Abstract—Game developers have been striving to design artificial intelligence agents in video games in such a way that players feel as though they are interacting with another human player since the founding of the gaming industry. There are many questions that must be answered prior to truly achieving this goal: How do we simulate human playstyles in artificial agents? Do we imitate human sensory input? If so, how? How do we do so in a way that is computationally feasible for agents to respond in human-like response times? What learning algorithm and models yield the most promising, or even any, results? These are but a few of the questions that have been asked over the years. In this paper, I propose and outline a research project, complete with some preliminary results, that will strive to answer some of these questions, as well as others. I outline the proposed research questions to be answered, my corresponding hypothesis, the methodology to be used, as well as the potential resource requirements. Specifically, I propose the use of q-learning and the exploration of various input structures to develop artificial general intelligence agents whose behaviors and survival strategies closely resemble human players in Minecraft and are capable of surviving without exterior influence in the survival game mode.

Keywords—artificial intelligence, reinforcement learning, Minecraft, malmo, marlo, artificial neural networks, q-learning

I. INTRODUCTION

Artificial intelligence (AI) in games can make all the difference in player immersion and overall perception of the game experience. It was clear as early as 2001, when major improvements in processing capabilities led to more high- quality graphics and a desire from players to interact with more intelligent agents, that the interactions between players and AI agents played a substantial role in the success or failure of a game [6]. Modern methods are as vast as they are varied: Q- Learning as an offshoot of Reinforcement Learning (RL) [2][3][4][5][10][11], Neuro-Evolution of Augmenting Topologies (NEAT) [7][8], and Genetic Algorithms (GA) [9] are only a few of the more popular methods, each unique from the rest. Modern organizations and groups like Microsoft and the Association for the Advancement of Artificial Intelligence (AAAI) have taken to crowd-sourcing this problem by holding competitions. These competitions urge researchers to develop more intelligent AI agents in various games, including Minecraft.
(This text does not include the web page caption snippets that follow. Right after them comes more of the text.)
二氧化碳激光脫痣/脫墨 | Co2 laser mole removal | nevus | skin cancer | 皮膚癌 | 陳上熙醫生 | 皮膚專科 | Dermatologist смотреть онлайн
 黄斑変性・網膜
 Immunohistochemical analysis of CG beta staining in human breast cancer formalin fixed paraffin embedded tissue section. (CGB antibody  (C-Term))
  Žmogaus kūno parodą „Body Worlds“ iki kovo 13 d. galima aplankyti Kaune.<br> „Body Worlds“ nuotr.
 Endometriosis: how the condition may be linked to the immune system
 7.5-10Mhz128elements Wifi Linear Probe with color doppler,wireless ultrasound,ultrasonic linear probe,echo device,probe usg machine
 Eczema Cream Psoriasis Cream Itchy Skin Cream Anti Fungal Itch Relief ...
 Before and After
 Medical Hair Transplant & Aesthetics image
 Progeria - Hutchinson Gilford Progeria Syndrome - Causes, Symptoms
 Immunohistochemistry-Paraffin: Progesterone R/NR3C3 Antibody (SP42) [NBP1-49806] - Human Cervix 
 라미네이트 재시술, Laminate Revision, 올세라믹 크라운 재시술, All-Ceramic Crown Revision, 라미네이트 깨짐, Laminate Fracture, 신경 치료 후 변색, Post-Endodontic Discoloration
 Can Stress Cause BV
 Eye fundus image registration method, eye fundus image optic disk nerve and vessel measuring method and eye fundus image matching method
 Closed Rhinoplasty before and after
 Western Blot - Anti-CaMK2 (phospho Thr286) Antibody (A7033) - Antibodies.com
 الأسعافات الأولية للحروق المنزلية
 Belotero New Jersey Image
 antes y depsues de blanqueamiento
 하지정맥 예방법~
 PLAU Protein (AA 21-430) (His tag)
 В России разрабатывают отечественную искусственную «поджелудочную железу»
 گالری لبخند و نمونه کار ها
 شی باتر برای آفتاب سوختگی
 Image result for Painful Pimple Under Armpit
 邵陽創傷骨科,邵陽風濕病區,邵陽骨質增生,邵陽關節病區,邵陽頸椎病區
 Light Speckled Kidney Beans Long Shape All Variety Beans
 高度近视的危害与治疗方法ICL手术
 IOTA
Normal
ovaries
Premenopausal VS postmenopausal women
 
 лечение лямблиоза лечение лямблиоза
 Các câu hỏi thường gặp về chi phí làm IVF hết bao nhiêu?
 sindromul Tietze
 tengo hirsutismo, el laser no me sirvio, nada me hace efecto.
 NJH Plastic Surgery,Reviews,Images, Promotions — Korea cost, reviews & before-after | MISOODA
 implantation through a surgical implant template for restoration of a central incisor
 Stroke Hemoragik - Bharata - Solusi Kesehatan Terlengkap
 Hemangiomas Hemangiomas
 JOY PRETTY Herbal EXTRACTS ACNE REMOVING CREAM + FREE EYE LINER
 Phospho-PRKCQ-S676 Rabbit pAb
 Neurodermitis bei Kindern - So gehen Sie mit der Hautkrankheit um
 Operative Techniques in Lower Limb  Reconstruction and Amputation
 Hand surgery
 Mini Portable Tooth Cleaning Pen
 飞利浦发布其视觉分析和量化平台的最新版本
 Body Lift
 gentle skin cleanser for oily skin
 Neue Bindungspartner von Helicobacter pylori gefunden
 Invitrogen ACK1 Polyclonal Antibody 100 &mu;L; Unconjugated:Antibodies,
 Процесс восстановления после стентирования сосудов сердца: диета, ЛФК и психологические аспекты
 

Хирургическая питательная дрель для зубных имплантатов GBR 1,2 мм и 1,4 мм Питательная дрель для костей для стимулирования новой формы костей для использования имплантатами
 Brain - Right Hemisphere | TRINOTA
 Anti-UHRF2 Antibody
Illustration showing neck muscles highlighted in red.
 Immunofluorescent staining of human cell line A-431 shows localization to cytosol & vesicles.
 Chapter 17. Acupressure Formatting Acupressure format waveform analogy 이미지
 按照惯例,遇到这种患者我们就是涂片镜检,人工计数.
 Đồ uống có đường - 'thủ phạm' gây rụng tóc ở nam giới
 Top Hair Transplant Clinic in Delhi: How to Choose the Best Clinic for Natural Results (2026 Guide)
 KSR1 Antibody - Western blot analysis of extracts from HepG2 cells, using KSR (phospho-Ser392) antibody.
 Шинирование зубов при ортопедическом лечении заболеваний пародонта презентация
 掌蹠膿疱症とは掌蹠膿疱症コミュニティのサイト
That said, even with the support of a company as

huge as Microsoft, artificial general intelligence (AGI) agents, defined as agents that can perform a vast range of tasks with minimal exterior manipulation, have yet to be successfully implemented to an acceptable degree. To this end, I propose the use of RL techniques, specifically Deep Q-Networks (DQN), exploration of automated classification of meaningful sub-goals, and the exploration of various input processing and topological techniques to maximize human-like sensory comparability while minimizing computational and memory complexities, using Minecraft. The somewhat lofty end-goal would be to develop an agent that is capable of surviving in the survival game mode in Minecraft while solving various challenging tasks like sustenance acquisition and consumption, shelter design and use, and potentially even multi-agent cooperation and/or competition.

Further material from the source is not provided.